Column Definitions | CREATE FOREIGN TABLE | Teradata Vantage - 17.10 - data_column_definition - Advanced SQL Engine - Teradata Database

Teradata Vantage™ - SQL Data Definition Language Syntax and Examples

Product
Advanced SQL Engine
Teradata Database
Release Number
17.10
Release Date
July 2021
Content Type
Programming Reference
Publication ID
B035-1144-171K
Language
English (United States)

[Optional for CSV- or Parquet-formatted data, disallowed otherwise.] Specify the definition of one or more data columns in the external file, in the order in which the records appear in the external file.

The location_column and the payload_column or data_column_definition fields are optional, because NOS generates them. For CSV, if NOS is cannot generate the columns, it generates the payload column of DATASET CSV instead.

Each data_column_definition has the format column_name data_type.

CSV Files

Data columns are optional because NOS creates them from the information in the data itself.
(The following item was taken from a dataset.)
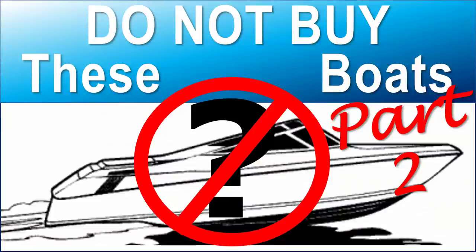Welcome to the Boat Buyer's Secret Weapon Series. I'm your host, Captain Matt, and today we're talking about boats not to buy, and this is part two.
If you declare the columns and their data types, NOS checks their correctness.

If you specify data columns, these rules apply:
  • The column_name need not match the name of the corresponding column in the header record.
  • The data_type is the Vantage column data type to associate with the corresponding field in the CSV record.
  • For a CSV table, data_type must be one of the following:
    • SMALLINT
    • INTEGER
    • BIGINT
    • DECIMAL (precision, scale) where precision is in the range [1, 38] and scale is in the range [0, 38].
    • BYTEINT
    • NUMBER
    • REAL, FLOAT, or DOUBLE PRECISION
    • BYTE
    • VARBYTE
    • CHAR CHARACTER SET { LATIN | UNICODE }
    • VARCHAR CHARACTER SET { LATIN | UNICODE }
    • CLOB of at most 16 MB
    • BLOB of at most 16 MB
    • DATE
    • INTERVAL
    • TIME
    • TIMESTAMP
    User-defined types (UDTs) and period data types (PDTs) are not supported.
  • data_type can specify these attributes:
    • CASESPECIFIC
    • UPPERCASE
    • FORMAT
    • TITLE
  • data_type cannot specify these attributes:
    • NOT NULL
    • COMPRESS
    • CONSTRAINT
    • REFERENCES
    • CHECK
  • If data_type is a numeric type:
    • You can specify the FORMAT in which to display the data.
    • A field value enclosed in single quotation marks is treated as a string, causing an error and causing Vantage to skip the record.
  • If data_type is a date type:
    • Vantage uses its FORMAT to determine the positions of the day, month, and year.
    • The default FORMAT is 'YY/MM/DD'.
    • You can specify a different FORMAT.
    • If the date field in a CSV record does not have the default FORMAT, you must specify its FORMAT.
    • Any FORMAT you specify must represent the month as MM and the day as DD.
  • If data_type is a character type:
    • A field value can be enclosed in single or double quotation marks.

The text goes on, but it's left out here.